Some of these errors offset others. That is part of why the final figure can look so good under the favourable unit. A measurement that lands close after several approximations is not always more careful than one that does not. Sometimes it is the approximations cancelling.

What actually survives

The account most people know does not come from Eratosthenes. His own work, titled “On the Measurement of the Earth,” did not survive. What survives are details preserved by later writers, chiefly the Stoic philosopher Cleomedes, who reduced the procedure to a clean teaching example, complete with the often-repeated detail of sunlight reaching the bottom of a well at Syene. The St Andrews MacTutor history of mathematics notes that the treatise is lost and that what we have comes through Cleomedes, Theon of Smyrna, and Strabo. The rounding of 250,000 to 252,000 stadia, which gives a tidy 700 stadia per degree, belongs to this later tradition of tidying the result for the reader.

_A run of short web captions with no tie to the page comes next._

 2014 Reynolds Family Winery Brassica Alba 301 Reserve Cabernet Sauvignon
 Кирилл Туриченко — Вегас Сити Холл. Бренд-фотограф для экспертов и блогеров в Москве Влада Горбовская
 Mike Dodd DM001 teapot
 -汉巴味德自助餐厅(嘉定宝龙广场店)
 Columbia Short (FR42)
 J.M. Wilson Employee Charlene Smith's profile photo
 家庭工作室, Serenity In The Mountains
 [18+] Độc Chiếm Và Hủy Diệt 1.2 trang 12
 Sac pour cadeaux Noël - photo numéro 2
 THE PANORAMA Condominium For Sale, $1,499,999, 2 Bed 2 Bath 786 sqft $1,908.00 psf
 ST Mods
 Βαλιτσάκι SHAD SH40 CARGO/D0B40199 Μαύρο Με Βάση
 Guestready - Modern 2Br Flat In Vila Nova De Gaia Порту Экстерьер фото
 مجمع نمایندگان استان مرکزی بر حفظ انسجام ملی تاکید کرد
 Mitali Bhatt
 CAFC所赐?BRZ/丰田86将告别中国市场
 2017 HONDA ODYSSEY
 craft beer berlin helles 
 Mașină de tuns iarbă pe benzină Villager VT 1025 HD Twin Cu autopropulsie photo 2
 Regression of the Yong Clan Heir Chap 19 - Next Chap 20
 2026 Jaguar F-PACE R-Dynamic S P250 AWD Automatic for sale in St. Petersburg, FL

None of this diminishes what Eratosthenes did. He recognised that a difference in shadow angles between two places was a measurement of the Earth’s curvature, scaled it correctly to the whole sphere, and arrived at a figure of the right order of magnitude at a time when even that was not assured. The method was the achievement. It could be checked, refined, and repeated, which is what separates it from a lucky guess.

The part worth holding onto is the reasoning, not the digits. The digits depend on a unit we have lost. The reasoning has not needed correcting in 2,200 years.